I quite like it, but its plot's as one-dimensional as its anti-hero. Dredd sums it up when asked if he has a plan. "I got my plan right here!" he roars, club in hand. That's the general tone. Criminal ex-Judges from Titan prison colony take over Mega-City One, forcing the Judges into exile out in the Cursed Earth. Their leader is Grice and he's a psycho. (This is a sequel to Mark Millar's Purgatory, which concluded immediately before this began.)
You now know everything that matters. The plot is just various repetitions of tough people going to confront Grice without a plan and encountering a shit-kicking. This happens... uh, three or four times? One of those is even one of the baddies. The story's dumb as a post. It is, though, hard as nails. It's full of utter bastards who'll commit any kind of murderous act. They'll break your jaw and smash your ribs with a sledgehammer. They'll repeatedly smash McGruder's face into the floor, then strap her to a bike and send her plunging off the city wall.
As bad as any of them is Dredd. He does the following:
(a) He shoots a man (normal for Dredd) with an incendiary bullet (yow). Burns him alive. That's his first kill in the story.
(b) The convicts take a prisoner who'll die if Dredd doesn't surrender. He's not interested. "Osterwold's one of the best, Judge Bhaji. She knows the rules." Result: she's chained to four motorbikes that drive off in opposite directions.
(c) On abandoning the Grand Hall of Justice, our heroes realise that they don't want to leave everyone in the iso-cells for Grice to free. Dredd's solution: "This qualifies as an emergency situation.
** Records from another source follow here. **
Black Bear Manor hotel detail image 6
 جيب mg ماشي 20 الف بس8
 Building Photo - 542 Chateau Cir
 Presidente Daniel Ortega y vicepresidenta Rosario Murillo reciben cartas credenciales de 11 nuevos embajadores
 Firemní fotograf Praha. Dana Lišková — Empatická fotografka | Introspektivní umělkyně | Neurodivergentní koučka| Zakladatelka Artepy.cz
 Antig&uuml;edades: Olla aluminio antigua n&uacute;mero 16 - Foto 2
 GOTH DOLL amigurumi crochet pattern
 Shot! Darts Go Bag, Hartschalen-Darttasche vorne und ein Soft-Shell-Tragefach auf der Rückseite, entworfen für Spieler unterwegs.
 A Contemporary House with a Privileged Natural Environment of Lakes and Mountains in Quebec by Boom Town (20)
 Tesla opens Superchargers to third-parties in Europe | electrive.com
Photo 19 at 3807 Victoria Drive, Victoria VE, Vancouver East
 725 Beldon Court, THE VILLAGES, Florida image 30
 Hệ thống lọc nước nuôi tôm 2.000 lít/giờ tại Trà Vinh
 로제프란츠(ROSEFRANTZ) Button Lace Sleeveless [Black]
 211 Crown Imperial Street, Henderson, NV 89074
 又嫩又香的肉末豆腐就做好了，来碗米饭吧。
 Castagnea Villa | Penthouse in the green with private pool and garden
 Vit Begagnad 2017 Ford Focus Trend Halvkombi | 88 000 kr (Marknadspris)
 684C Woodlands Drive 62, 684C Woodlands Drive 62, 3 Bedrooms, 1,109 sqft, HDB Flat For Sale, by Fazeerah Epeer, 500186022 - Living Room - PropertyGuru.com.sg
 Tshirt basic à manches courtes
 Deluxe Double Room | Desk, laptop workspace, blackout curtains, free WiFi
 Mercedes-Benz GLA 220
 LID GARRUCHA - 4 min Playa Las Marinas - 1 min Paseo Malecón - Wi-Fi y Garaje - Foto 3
We flood the cubes." (One drowning victim's last words are that it was only a parking offence, for Grud's sake.)
(d) It's the end and the right anti-heroes have won. The convicts are heading back to Titan. Unfortunately, security's just been torn to shreds up there, so won't they all just escape again? "I thought of that," says Dredd and presses a button. BOOM. Ship explodes. Problem solved. Frankly, though, this is feeble compared with this story's other bastard actions, so as a final punchline it's underwhelming.
The other interesting thing here is Morrison's use of Dredd lore. He builds set pieces around the Judges' exotic bullet types (incendiary, armour piercing, etc.), the remote-controlled Lawmaster bikes and even Walter the Wobot.
I quite like this story, but it's in a half-and-half zone. As a Judge Dredd epic (i.e. ignoring its off-world prequel), it's too short and simple to stand comparison with stories like The Apocalypse War, Necropolis, etc. It's resolved too easily for a story that kicks the Judges out of Mega-City One itself. There's lots of juicy ultra-violence and Dredd nearly gets killed, but ultimately it lacks the weight of even Judge Dredd vs. Aliens. That said, though, Purgatory and Inferno together lasted twenty weeks, which is more substantial. As for its extreme content... well, it's violent, yes, but this is 2000 AD. John Wagner's done all this before, and better. Look at what Morrison achieves with Walter the Wobot, for instance. (Answer: very little.) I love Walter and I was delighted to see him, but Wagner would have made his appearance funnier and/or more meaningful.
The "Purgatory-Inferno" double-header is still fun, though. You could do worse.